- Activity -
The sole answer should be the number of lines in the material below that hold "detail".

- Input -

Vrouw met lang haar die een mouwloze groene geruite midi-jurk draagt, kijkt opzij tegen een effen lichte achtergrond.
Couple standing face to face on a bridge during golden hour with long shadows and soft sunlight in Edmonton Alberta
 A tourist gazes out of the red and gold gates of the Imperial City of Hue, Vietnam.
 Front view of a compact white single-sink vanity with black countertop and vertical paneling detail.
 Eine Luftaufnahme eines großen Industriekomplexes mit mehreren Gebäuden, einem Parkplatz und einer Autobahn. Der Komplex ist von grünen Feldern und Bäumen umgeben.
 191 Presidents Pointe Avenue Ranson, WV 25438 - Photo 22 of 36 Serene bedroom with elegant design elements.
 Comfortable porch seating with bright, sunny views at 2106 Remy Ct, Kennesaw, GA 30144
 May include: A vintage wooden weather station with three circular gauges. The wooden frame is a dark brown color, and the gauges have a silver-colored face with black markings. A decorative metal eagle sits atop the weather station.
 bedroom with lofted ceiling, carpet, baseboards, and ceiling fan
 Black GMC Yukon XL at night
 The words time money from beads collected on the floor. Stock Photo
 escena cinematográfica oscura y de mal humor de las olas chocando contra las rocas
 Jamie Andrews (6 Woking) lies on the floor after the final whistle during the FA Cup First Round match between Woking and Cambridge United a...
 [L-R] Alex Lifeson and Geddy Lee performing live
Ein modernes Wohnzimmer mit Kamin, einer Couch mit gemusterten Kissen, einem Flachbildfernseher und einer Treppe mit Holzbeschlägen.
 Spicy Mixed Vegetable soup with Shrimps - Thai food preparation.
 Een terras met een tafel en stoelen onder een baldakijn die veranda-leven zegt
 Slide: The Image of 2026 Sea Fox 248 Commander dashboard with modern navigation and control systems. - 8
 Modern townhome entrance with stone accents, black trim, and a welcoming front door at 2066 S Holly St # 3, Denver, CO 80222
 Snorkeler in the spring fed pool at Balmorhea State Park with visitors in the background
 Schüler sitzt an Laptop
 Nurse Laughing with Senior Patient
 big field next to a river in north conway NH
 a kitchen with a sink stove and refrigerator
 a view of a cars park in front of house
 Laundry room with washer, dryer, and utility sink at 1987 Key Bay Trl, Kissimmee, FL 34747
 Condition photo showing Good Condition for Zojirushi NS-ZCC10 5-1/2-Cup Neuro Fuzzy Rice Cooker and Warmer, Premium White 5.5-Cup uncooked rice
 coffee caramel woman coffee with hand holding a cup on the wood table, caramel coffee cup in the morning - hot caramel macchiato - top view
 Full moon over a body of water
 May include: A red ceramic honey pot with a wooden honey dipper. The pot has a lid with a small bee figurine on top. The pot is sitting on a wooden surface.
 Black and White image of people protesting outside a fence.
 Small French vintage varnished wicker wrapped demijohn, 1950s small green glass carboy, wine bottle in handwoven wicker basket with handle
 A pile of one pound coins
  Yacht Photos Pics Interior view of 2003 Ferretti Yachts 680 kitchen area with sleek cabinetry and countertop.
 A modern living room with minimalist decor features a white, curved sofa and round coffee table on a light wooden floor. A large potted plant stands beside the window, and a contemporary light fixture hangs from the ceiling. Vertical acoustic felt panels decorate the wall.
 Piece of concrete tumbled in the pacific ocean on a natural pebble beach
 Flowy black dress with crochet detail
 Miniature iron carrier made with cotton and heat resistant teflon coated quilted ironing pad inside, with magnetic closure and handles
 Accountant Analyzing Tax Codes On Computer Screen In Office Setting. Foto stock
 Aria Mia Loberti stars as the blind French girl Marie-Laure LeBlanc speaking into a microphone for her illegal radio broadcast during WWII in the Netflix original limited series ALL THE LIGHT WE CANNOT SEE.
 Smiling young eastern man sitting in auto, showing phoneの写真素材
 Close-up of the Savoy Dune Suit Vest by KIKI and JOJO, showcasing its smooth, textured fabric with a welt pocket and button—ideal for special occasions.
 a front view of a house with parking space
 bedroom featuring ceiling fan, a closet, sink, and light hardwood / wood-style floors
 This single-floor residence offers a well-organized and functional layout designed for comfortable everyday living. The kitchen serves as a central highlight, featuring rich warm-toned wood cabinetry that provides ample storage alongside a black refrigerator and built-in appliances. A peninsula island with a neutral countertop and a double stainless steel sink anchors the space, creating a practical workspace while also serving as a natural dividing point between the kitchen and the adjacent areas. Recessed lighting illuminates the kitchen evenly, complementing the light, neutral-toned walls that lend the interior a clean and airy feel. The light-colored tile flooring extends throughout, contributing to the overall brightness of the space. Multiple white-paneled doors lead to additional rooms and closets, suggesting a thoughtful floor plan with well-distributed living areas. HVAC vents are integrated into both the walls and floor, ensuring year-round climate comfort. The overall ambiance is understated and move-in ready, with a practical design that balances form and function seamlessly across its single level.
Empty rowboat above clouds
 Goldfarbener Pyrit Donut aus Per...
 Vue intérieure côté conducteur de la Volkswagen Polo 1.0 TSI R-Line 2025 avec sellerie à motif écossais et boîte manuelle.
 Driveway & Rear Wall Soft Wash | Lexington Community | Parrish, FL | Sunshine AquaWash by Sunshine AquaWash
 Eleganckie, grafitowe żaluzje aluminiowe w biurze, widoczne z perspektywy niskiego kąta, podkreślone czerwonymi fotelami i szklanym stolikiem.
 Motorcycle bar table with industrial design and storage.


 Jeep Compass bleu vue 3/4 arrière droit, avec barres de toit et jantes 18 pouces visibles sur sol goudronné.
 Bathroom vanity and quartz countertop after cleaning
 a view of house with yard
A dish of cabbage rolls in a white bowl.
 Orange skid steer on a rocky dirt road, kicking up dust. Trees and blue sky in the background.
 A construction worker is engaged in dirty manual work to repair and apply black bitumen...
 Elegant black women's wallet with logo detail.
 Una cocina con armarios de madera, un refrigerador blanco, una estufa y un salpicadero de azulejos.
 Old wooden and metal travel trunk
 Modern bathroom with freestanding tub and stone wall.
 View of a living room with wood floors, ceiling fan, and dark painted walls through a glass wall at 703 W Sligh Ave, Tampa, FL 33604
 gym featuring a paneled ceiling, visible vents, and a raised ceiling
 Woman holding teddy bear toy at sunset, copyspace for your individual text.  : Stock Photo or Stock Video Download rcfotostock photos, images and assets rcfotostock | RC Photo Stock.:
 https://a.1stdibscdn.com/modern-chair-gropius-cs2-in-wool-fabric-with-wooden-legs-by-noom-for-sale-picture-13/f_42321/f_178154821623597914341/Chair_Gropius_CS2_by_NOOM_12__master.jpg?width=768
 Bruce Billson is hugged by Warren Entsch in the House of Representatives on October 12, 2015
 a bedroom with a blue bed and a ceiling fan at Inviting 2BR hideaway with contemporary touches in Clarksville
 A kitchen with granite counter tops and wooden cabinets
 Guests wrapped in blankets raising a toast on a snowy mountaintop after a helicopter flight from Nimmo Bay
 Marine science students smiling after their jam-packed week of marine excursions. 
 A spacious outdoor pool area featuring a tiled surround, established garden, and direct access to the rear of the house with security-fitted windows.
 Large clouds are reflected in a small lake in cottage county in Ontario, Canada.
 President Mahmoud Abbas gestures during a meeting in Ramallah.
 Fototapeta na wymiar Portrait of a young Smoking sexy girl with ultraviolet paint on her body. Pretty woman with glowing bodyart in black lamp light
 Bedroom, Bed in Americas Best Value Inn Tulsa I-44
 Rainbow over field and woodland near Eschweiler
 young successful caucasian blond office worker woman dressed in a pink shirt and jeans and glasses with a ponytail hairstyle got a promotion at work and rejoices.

- Your response -
3